四十多岁在当时来说已经算是高龄。叶钰和张绪玖过得还算快活,虽然张绪玖失了一魂一魄,总记不住东西,但他和叶钰过完了这一生——从十五岁认识,随后开始闯荡江湖,二十五岁分离,最后又一起游历祖国大好河山,他们几乎形影不离。
让人看了好生嫉妒。
最后是王济轩。
他活了五十多岁,这大约得归功于他的作息规律。
这位五十多岁的老人一如既往地沉默寡言。
王济轩去世的时候有很多人来吊丧。他行医一生,救人不论贫贱富贵,颇受平民尊敬。
这位老先生去世前还在翻着他那本本草纲目,上面用着红朱砂记着密密麻麻的笔记。他静静地坐在那里看着,也不知道什么时候合眼了。那时正值落花时节,凋零的花瓣埋了他那一本书。
将近而立之年的韩墨眼泪止不住地往下掉。一位与他年龄差不多的女子眼眶微红,虽然人已老去,但还是看得出她风韵犹存。她安慰着韩墨,可说着说着,自己也忍不住掉了眼泪。
她想起了几年前,这位还只是四十多岁的老人来访螺枢院,询问皇陵的位置。王济轩不爱游历名胜,此时造访也是颇令人差异。王济轩那性子倔起来十头牛也拉不回来,楚沐荷只得让院内的弟子扶着他去了皇陵。
这位老人只是在周边走了一圈——没有人知道他为什么要这样做。最后王济轩只是定定的看着皇陵,随着螺枢院的弟子离开了。
楚沐荷带了一些画来。这本是托人帮忙画的,如今斯人已去,留着也没什么用处,问过了韩墨,她便一张一张地烧掉。
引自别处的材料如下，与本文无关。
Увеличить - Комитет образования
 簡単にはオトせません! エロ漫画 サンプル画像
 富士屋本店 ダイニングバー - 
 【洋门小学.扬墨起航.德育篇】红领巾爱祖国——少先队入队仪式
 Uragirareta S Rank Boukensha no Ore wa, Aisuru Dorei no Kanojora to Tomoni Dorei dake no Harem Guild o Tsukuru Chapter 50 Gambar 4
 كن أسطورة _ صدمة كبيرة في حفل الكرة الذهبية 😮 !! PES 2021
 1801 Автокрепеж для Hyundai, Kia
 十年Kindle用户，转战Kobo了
“……这画可是出自一位吴姓的画师之手?那个榭荫吴夜桦。”
一位扎着蝎尾辫的年轻男人问她。
“倒是姓吴不错……不过叫什么,我便不知了。”
楚沐荷正准备把手里的最后一张画丢入火盆,却被这个年轻男人制止了,
“这画可让我带去余杭烧了?我有一个朋友一生念着要这位吴画师的一幅画,但直到死了都没如愿以偿。”
楚沐荷点头,算是答应了——这也没什么不能答应的。
她起身与韩墨道别时,已经暮色将至。此时正直落花时节,落英缤纷,让她觉得似曾相识。
三十年前那个落英缤纷的时候,肖舟完成了他一生中最得意的作品,并与它们一同沉睡在一片大好河山之中。
王济轩去世之时,正好与肖舟殁时,相隔三十年。
零落幕
“歧哥歧哥——你今天去哪儿了?”白巡一见他主子回来,立刻喊开了。
李歧吃了一颗蜜饯,缓冲一下嘴中苦涩的中药味。
“……今日王济轩去世了,我去看看他。”
“啊——那个医圣?好可惜啊……。”白巡平时虽然和王济轩交集甚少,但是一起认识了那么久,难免还是会有些失落的,
“阿哲呢?”李歧问。
白巡有气无力地回答:“上展台了。”
展台便是一处靠悬崖的天然石台。幼时他们两人倒是很喜欢钻这来。如今的话,这处展台已经很难容纳下两个成年男人。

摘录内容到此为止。